-- Information shown follows --

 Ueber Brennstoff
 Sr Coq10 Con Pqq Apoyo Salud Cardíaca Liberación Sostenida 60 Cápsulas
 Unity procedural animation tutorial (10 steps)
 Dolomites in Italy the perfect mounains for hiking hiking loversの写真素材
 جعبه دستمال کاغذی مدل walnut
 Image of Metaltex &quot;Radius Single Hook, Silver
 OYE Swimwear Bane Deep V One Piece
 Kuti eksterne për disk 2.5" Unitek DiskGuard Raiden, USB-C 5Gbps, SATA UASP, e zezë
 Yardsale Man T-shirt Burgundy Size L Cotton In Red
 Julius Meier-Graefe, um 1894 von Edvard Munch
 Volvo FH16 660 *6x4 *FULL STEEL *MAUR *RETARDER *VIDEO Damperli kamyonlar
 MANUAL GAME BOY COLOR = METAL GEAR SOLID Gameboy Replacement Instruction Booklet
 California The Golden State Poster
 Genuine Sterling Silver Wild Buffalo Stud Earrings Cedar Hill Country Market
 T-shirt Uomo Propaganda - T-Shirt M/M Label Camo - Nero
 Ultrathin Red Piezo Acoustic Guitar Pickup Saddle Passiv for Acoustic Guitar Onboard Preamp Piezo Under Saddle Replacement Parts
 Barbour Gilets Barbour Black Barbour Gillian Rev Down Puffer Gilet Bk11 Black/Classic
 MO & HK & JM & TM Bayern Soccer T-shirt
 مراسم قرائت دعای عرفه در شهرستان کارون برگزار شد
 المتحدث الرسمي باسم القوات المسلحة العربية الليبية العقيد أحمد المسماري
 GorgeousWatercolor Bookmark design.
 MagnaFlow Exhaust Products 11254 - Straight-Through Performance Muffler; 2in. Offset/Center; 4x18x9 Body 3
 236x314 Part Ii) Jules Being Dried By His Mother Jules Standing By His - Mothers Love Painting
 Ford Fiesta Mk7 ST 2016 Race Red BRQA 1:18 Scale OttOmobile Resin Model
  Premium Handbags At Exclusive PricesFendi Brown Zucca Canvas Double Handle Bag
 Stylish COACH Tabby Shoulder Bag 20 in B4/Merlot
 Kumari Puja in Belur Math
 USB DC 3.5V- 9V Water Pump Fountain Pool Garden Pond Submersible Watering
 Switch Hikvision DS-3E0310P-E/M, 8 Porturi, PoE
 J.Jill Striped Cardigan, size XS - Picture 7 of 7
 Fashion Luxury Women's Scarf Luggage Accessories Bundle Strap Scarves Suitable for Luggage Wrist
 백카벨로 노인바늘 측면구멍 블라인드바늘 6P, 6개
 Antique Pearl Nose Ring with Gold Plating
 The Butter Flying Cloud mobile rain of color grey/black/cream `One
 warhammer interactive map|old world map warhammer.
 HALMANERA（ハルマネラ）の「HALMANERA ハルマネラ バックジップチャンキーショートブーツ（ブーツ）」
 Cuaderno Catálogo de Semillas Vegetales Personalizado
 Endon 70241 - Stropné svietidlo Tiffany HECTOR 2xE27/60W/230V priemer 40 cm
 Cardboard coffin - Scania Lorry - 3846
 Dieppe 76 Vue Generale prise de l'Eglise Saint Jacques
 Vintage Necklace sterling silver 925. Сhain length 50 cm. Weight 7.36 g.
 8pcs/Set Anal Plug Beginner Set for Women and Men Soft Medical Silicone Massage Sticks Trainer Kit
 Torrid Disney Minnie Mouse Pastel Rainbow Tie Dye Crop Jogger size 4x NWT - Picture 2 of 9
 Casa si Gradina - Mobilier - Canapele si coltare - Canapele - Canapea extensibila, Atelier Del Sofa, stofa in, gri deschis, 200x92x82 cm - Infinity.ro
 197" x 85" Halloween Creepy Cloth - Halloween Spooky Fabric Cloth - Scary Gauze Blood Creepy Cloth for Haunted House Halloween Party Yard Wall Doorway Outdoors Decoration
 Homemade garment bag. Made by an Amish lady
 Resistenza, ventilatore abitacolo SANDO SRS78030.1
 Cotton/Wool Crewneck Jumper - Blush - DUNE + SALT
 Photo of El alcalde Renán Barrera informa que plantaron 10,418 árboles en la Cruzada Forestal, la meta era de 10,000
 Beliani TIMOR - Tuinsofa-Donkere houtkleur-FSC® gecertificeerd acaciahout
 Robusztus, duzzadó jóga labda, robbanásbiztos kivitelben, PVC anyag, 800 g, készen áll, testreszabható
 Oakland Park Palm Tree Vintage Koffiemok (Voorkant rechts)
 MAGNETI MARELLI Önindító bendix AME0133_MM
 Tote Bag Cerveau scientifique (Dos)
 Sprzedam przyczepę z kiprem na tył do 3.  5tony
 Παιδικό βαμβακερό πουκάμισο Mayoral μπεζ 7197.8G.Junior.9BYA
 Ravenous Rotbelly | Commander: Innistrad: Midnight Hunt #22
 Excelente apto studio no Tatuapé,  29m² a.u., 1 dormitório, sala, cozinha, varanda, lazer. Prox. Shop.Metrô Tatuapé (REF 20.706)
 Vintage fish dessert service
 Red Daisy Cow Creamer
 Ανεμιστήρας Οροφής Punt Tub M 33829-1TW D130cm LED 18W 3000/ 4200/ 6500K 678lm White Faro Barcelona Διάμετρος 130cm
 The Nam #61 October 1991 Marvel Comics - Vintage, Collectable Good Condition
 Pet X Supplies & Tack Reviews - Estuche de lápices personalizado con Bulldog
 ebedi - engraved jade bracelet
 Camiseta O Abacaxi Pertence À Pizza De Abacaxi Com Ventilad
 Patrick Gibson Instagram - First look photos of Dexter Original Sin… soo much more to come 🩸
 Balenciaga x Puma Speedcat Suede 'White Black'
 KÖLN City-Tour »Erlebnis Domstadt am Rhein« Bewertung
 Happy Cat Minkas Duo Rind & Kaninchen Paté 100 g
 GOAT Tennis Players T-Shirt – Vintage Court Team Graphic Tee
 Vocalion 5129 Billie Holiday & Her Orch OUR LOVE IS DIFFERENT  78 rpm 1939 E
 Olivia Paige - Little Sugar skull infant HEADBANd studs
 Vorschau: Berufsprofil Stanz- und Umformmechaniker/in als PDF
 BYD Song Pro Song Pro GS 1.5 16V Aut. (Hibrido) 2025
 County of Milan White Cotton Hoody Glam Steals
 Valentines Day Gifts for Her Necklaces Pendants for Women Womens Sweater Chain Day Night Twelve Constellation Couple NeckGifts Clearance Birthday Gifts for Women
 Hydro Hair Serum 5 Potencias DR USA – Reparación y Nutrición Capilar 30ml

-- Information shown concluded --

_Task to carry out_
Reproduce exactly the entries above, limited to the lines from the one with "المتحدث الرسمي باسم" through the one with "Kumari Puja in Belur Math", both included.

_Solution below_
 المتحدث الرسمي باسم القوات المسلحة العربية الليبية العقيد أحمد المسماري
 GorgeousWatercolor Bookmark design.
 MagnaFlow Exhaust Products 11254 - Straight-Through Performance Muffler; 2in. Offset/Center; 4x18x9 Body 3
 236x314 Part Ii) Jules Being Dried By His Mother Jules Standing By His - Mothers Love Painting
 Ford Fiesta Mk7 ST 2016 Race Red BRQA 1:18 Scale OttOmobile Resin Model
  Premium Handbags At Exclusive PricesFendi Brown Zucca Canvas Double Handle Bag
 Stylish COACH Tabby Shoulder Bag 20 in B4/Merlot
 Kumari Puja in Belur Math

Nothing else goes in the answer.